Your task: Omit every picture and output the rest of the records exactly as they are.

Materials provided:
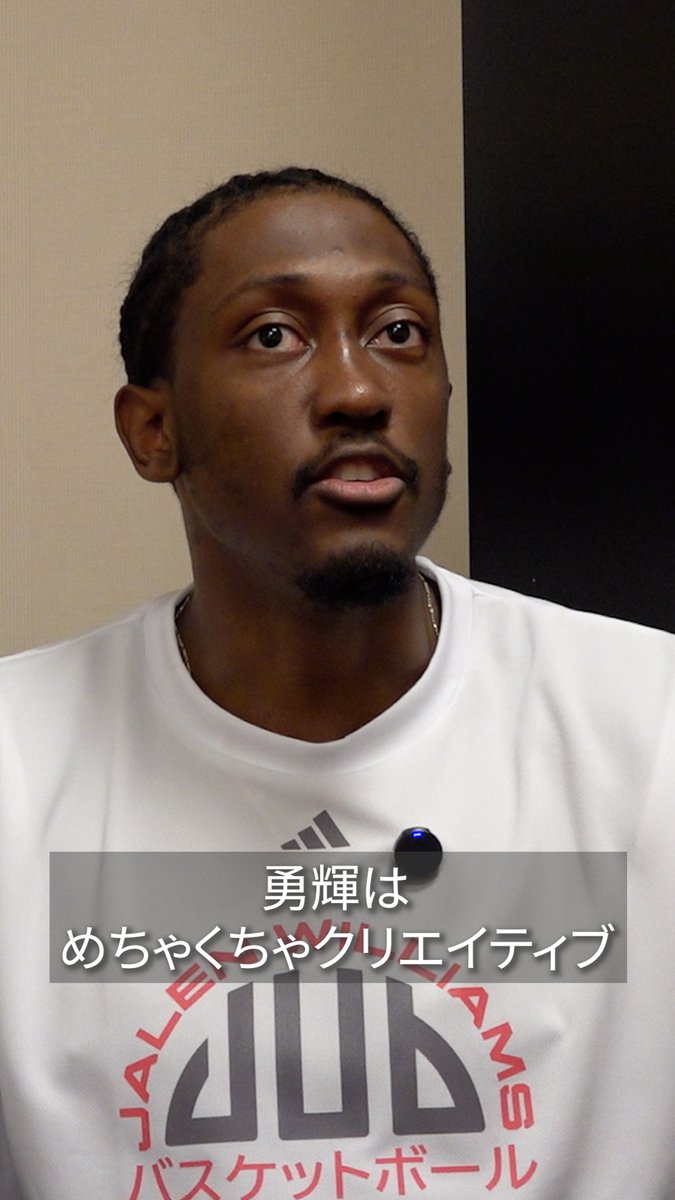 ジェイレン・ウィリアムズから河村勇輝へ 「とにかく、自分らしくいること」 河村勇輝へのアドバイスから、Crazy Energyやお気に入りのPEまで👟 #PR #adidasBasketball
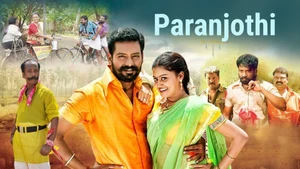 Paranjothi on Colors Cineplex HD - past program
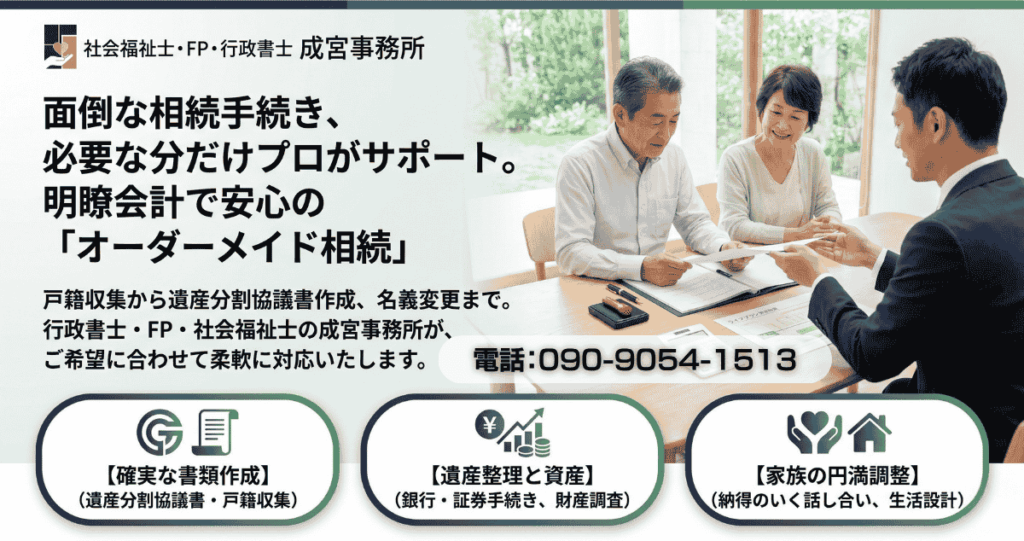 面倒な相続手続き、必要な分だけプロがサポート。明瞭会計で安心の「オーダーメイド相続」戸籍収集から遺産分割協議書作成、名義変更まで。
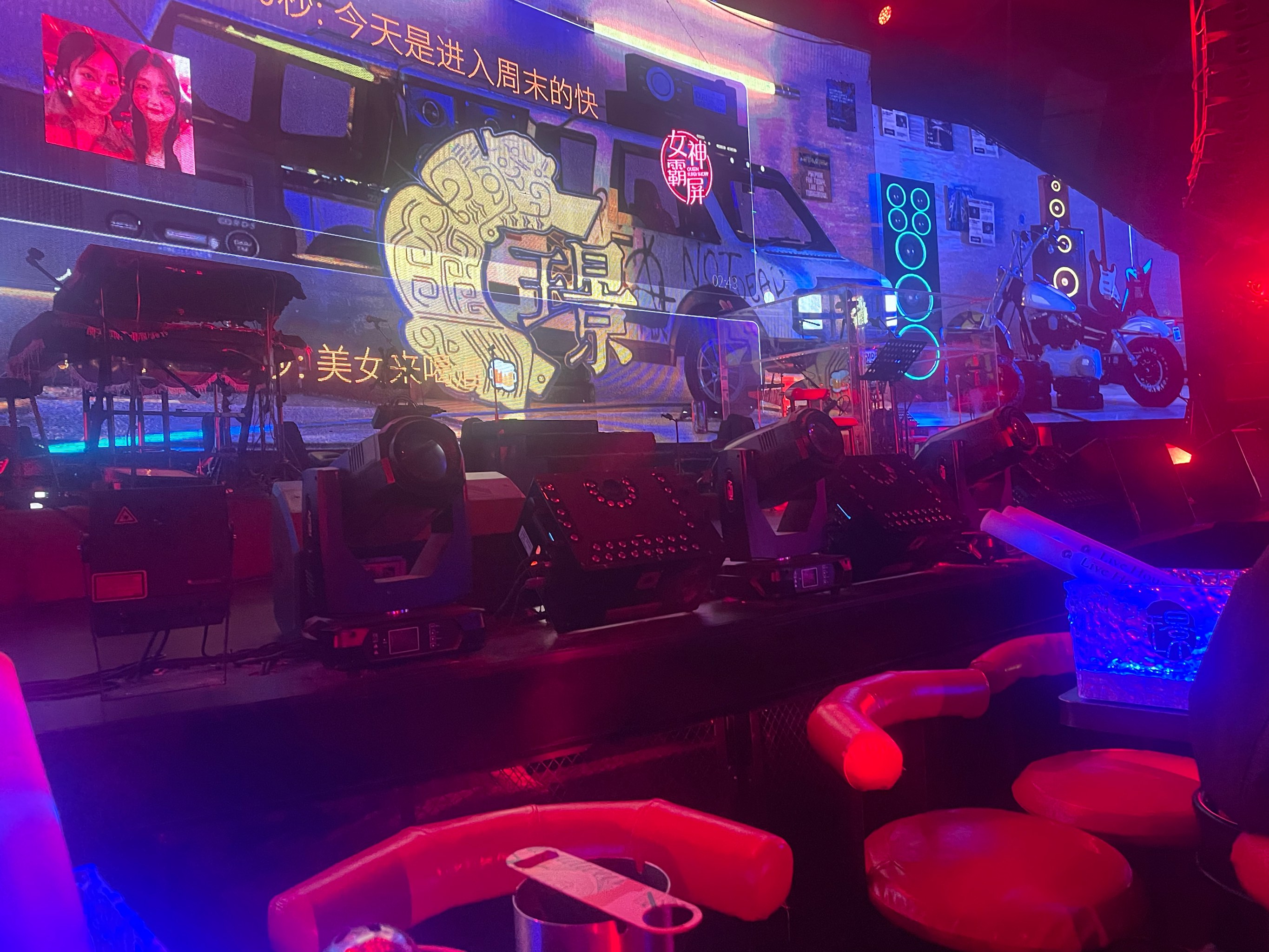 昆明商务ktv及商务ktv啥意思解析-五华区ktv预定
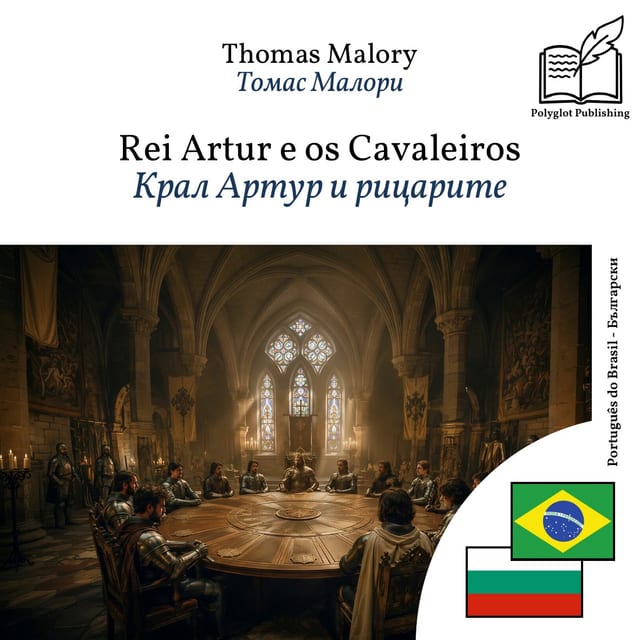 Крал Артур и рицарите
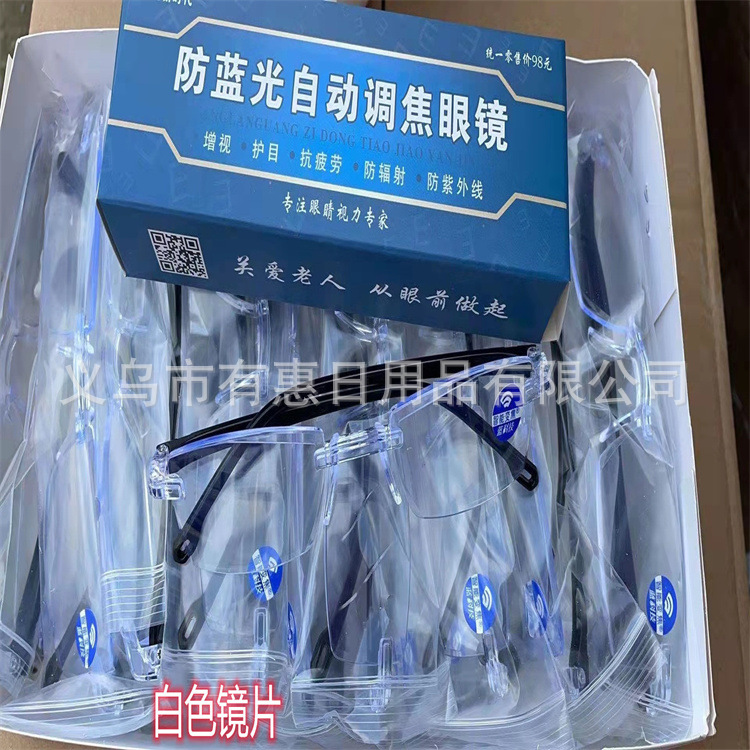 微信图片_202110022006494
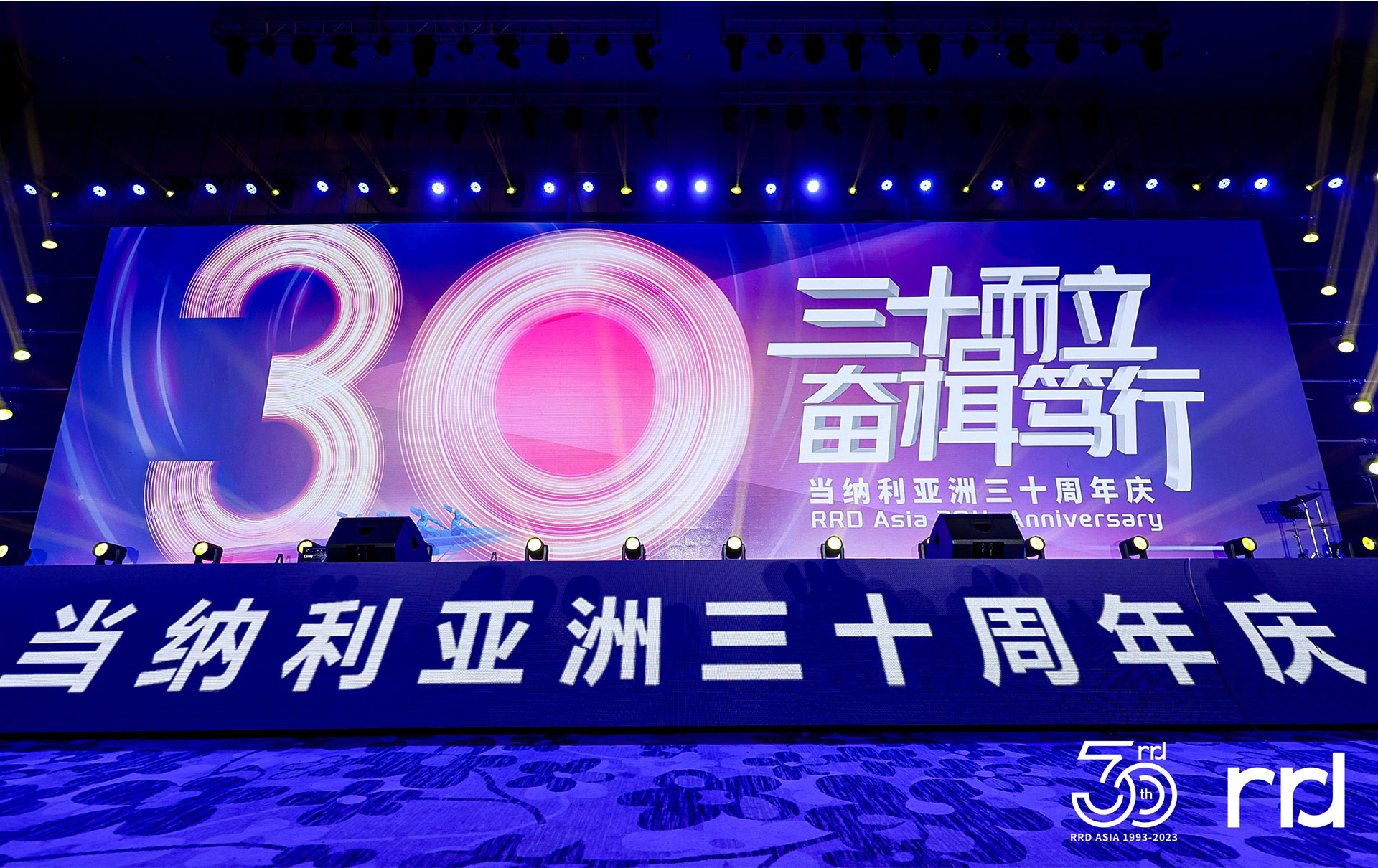 東莞年會慶典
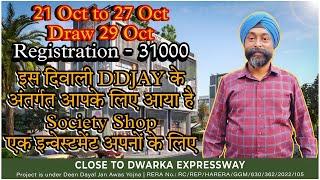 Affordable Society Shops Under Deen Dayal Jan Aawas Yojna Dwarka Expressway Gurgaon #9319502014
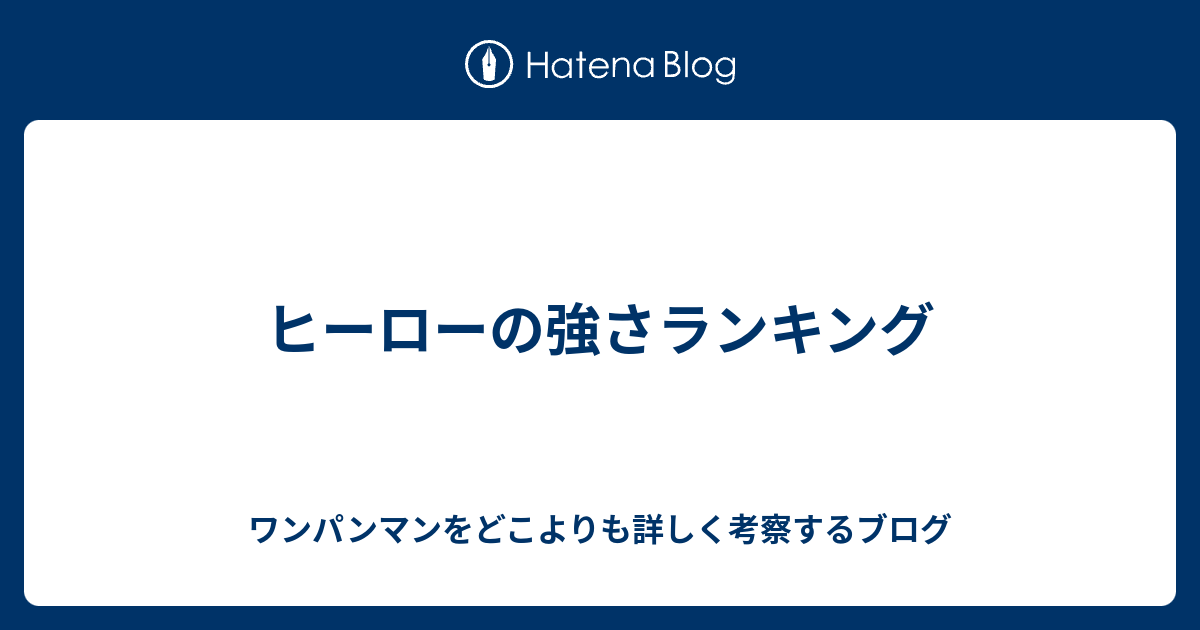 ヒーローの強さランキング ワンパンマンをどこよりも詳しく考察するブログ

Exercise output:
 ジェイレン・ウィリアムズから河村勇輝へ 「とにかく、自分らしくいること」 河村勇輝へのアドバイスから、Crazy Energyやお気に入りのPEまで👟 #PR #adidasBasketball
 Paranjothi on Colors Cineplex HD - past program
 面倒な相続手続き、必要な分だけプロがサポート。明瞭会計で安心の「オーダーメイド相続」戸籍収集から遺産分割協議書作成、名義変更まで。
 昆明商务ktv及商务ktv啥意思解析-五华区ktv预定
 Крал Артур и рицарите
 微信图片_202110022006494
 東莞年會慶典
 Affordable Society Shops Under Deen Dayal Jan Aawas Yojna Dwarka Expressway Gurgaon #9319502014
 ヒーローの強さランキング ワンパンマンをどこよりも詳しく考察するブログ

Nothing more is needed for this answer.